October 8, 2012 (San Diego’s East County) – The San Diego County Taxpayers Association, a watchdog organization that looks out for citizens’ tax dollars, has given its support to Proposition V, the $398 million bond measure being sought on the Nov. 6 ballot by the Grossmont-Cuyamaca Community College District.
If approved by East County voters, funds from Proposition V will be used for creating and improving Veterans Support Centers and career training facilities,
modernizing college technology, and updating aging classrooms and infrastructure.
The taxpayers association, which announced its decision Sept. 21, said the district’s measure meets the key provisions of the group’s bond support criteria, including the district’s adoption of the taxpayer association policy regarding the use of controversial long-term capital appreciation bonds.

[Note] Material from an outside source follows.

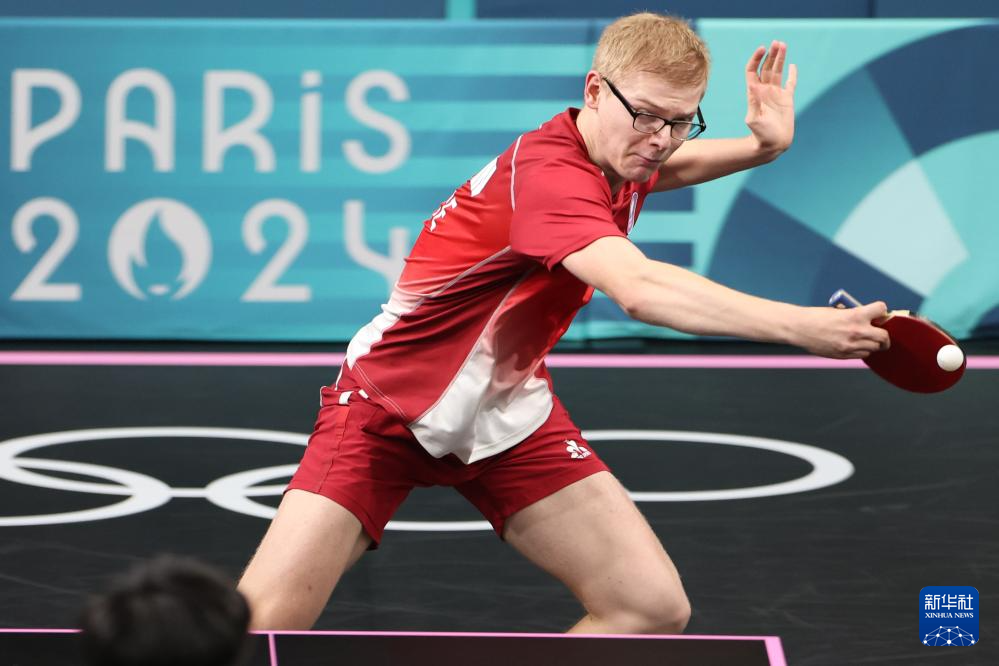 品牌赞助与 品牌赞助与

In making its recommendation, the taxpayers association underwent a detailed analysis of the East County college district’s proposed measure and studied the district’s performance on Proposition R, the $207 million bond measure that was approved by East County voters in 2002. The money from Proposition R was used to build or renovate 13 major projects on the Grossmont and Cuyamaca campuses, along with numerous infrastructure improvements.
“We’re very pleased that the Taxpayers Association recognized that Grossmont-Cuyamaca will continue to be frugal with taxpayer dollars, just as we were with Prop R,” said Bill Garrett, president of the Grossmont-Cuyamaca Community College District
The bond measure calls for the creation of a citizen oversight committee to monitor Proposition V bond expenditures. An oversight committee has been monitoring Proposition R expenditures, which have continued to receive spotless audits throughout the life of the project.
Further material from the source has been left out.